WHAT THE EXERCISE ASKS
Reproduce the records below exactly as they appear, omitting any pictures they contain.

(Image-caption web data)
--- --- ---

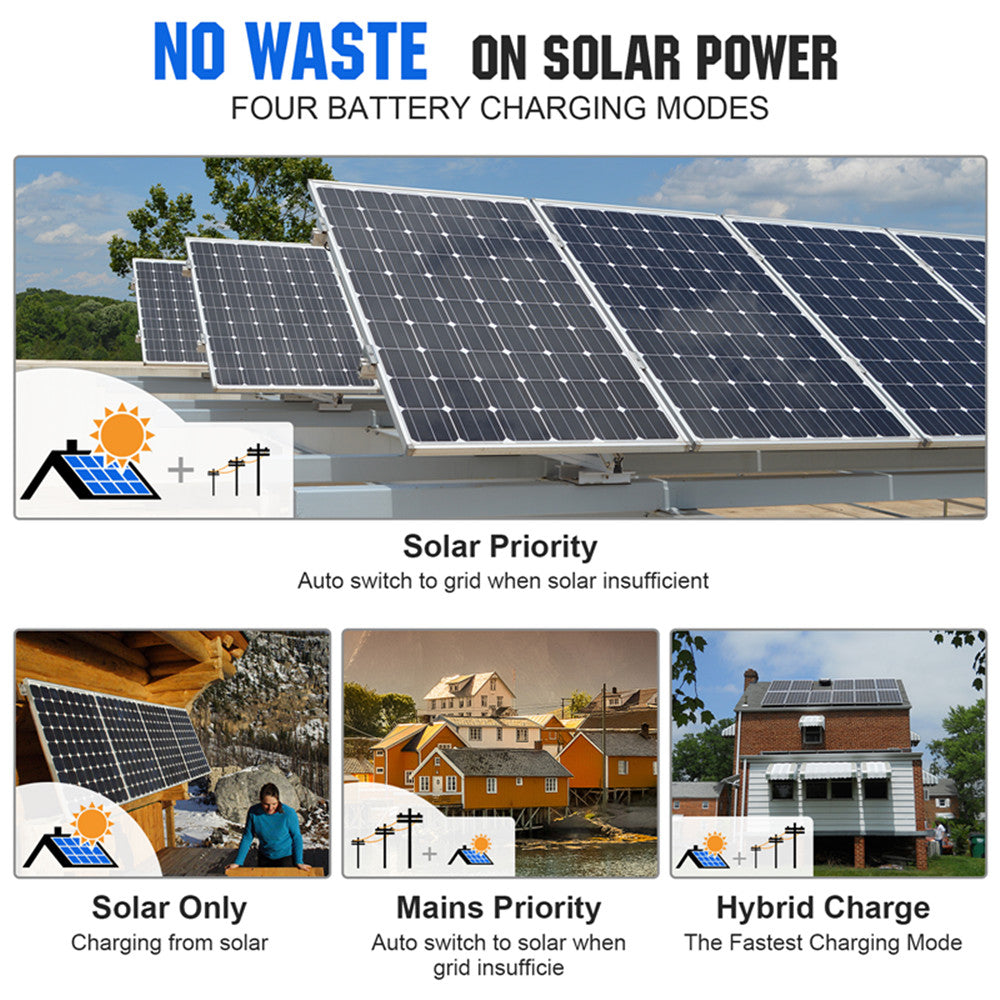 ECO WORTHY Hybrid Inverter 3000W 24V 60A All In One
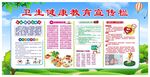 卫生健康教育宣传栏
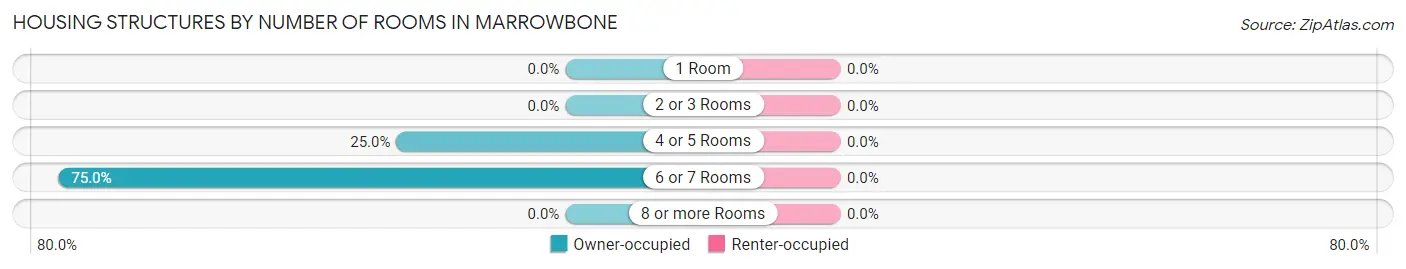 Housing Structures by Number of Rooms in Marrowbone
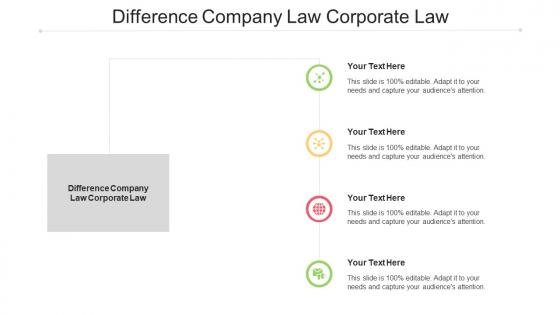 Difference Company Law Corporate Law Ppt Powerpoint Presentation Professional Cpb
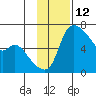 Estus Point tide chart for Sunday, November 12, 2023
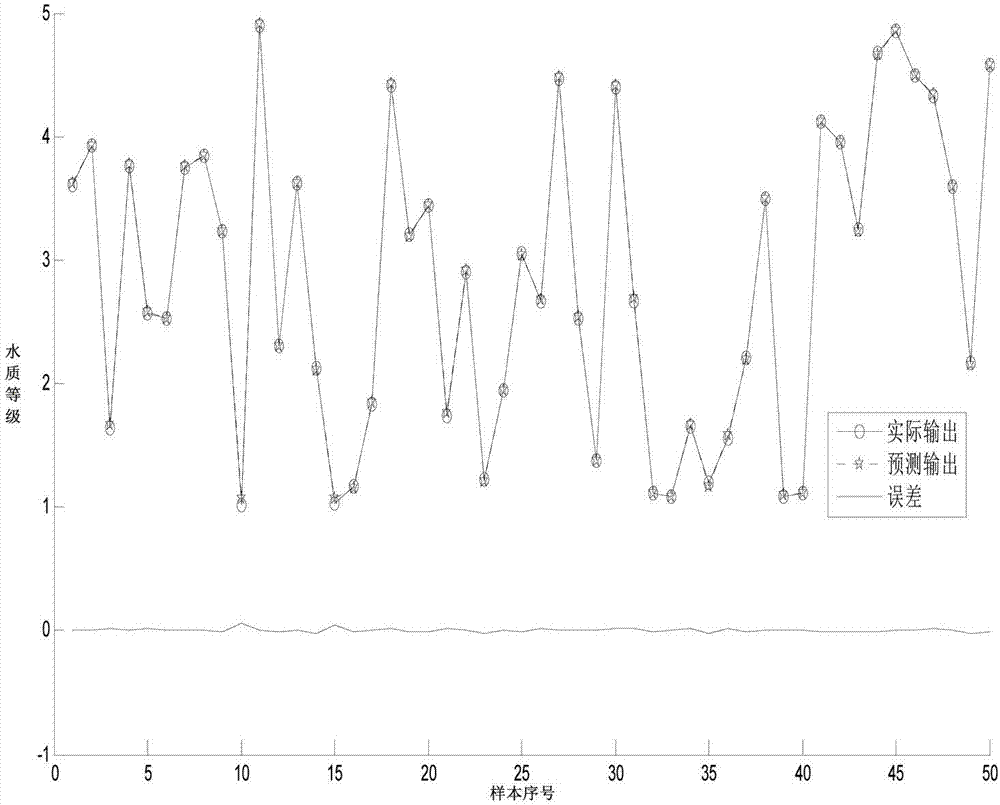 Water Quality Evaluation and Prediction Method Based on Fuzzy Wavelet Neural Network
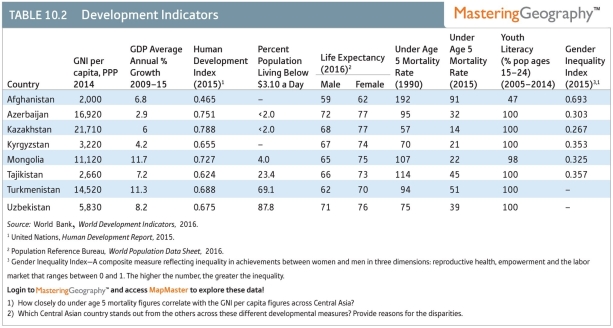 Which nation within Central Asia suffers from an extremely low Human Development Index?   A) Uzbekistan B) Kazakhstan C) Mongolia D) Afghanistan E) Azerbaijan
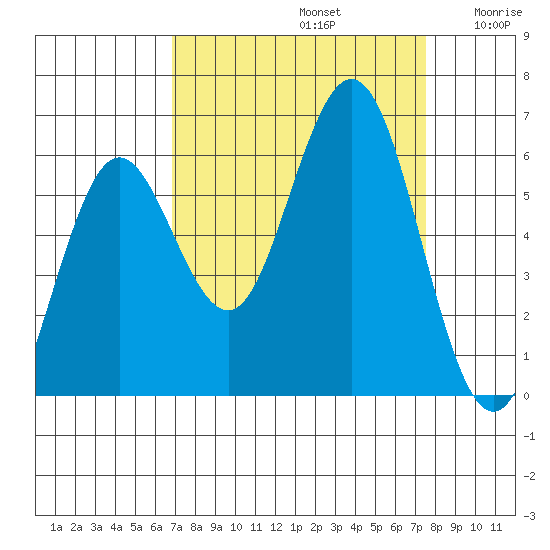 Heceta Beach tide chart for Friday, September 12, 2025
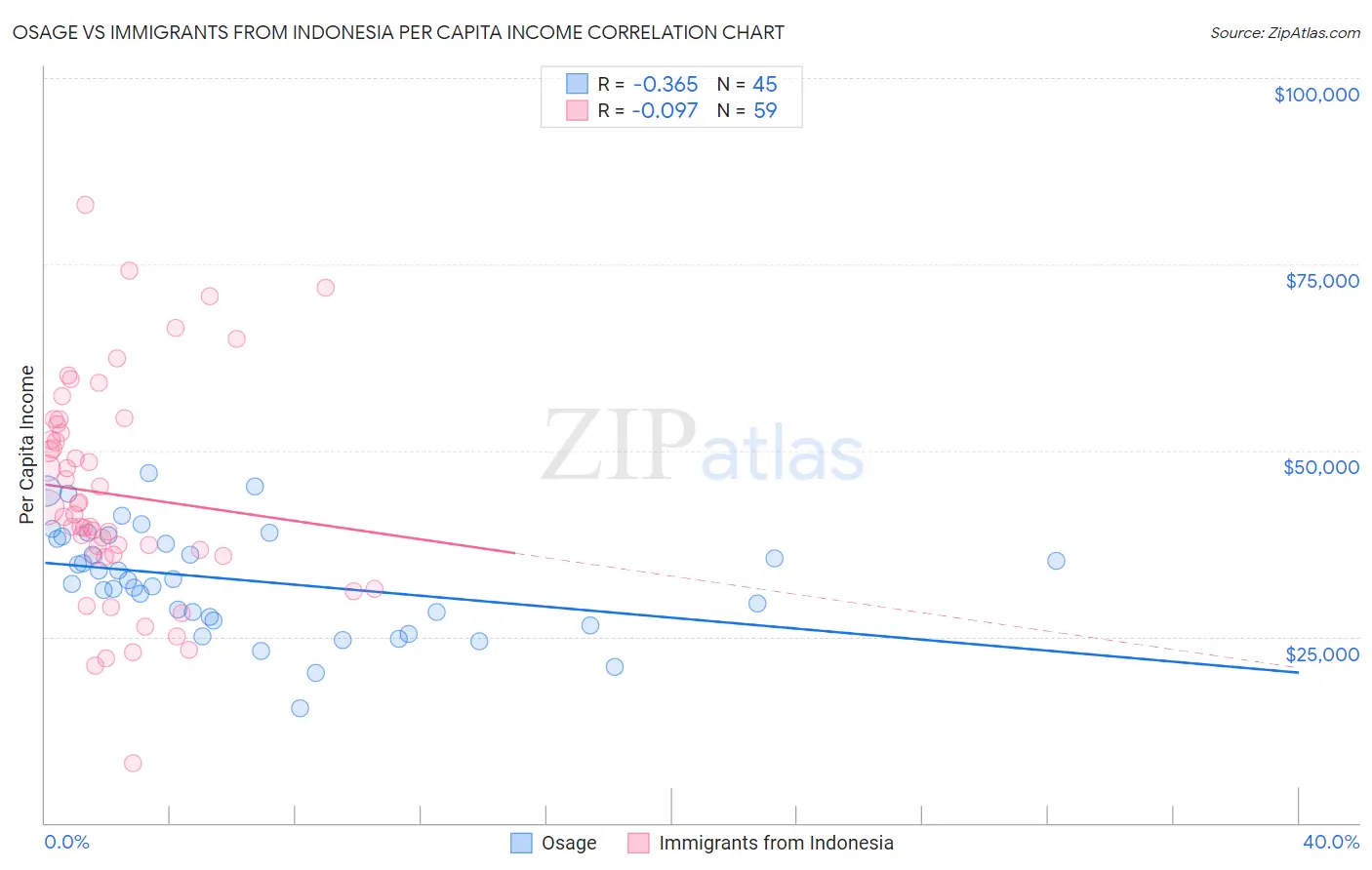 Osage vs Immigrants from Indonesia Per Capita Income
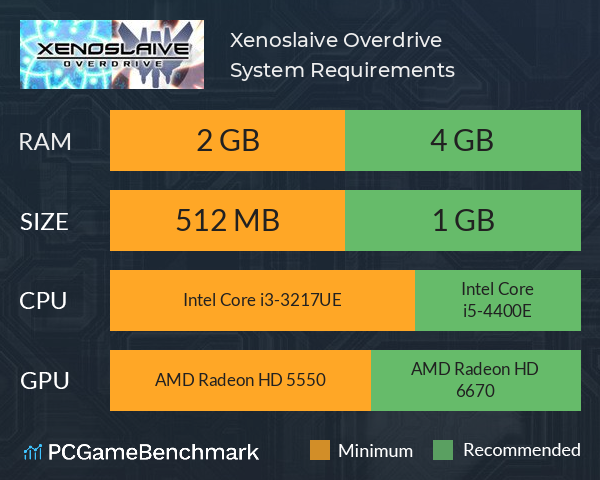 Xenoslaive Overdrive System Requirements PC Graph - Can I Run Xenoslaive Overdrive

--- --- ---

RESPONSE TO THE TASK
 ECO WORTHY Hybrid Inverter 3000W 24V 60A All In One
 卫生健康教育宣传栏
 Housing Structures by Number of Rooms in Marrowbone
 Difference Company Law Corporate Law Ppt Powerpoint Presentation Professional Cpb
 Estus Point tide chart for Sunday, November 12, 2023
 Water Quality Evaluation and Prediction Method Based on Fuzzy Wavelet Neural Network
 Which nation within Central Asia suffers from an extremely low Human Development Index?   A) Uzbekistan B) Kazakhstan C) Mongolia D) Afghanistan E) Azerbaijan
 Heceta Beach tide chart for Friday, September 12, 2025
 Osage vs Immigrants from Indonesia Per Capita Income
 Xenoslaive Overdrive System Requirements PC Graph - Can I Run Xenoslaive Overdrive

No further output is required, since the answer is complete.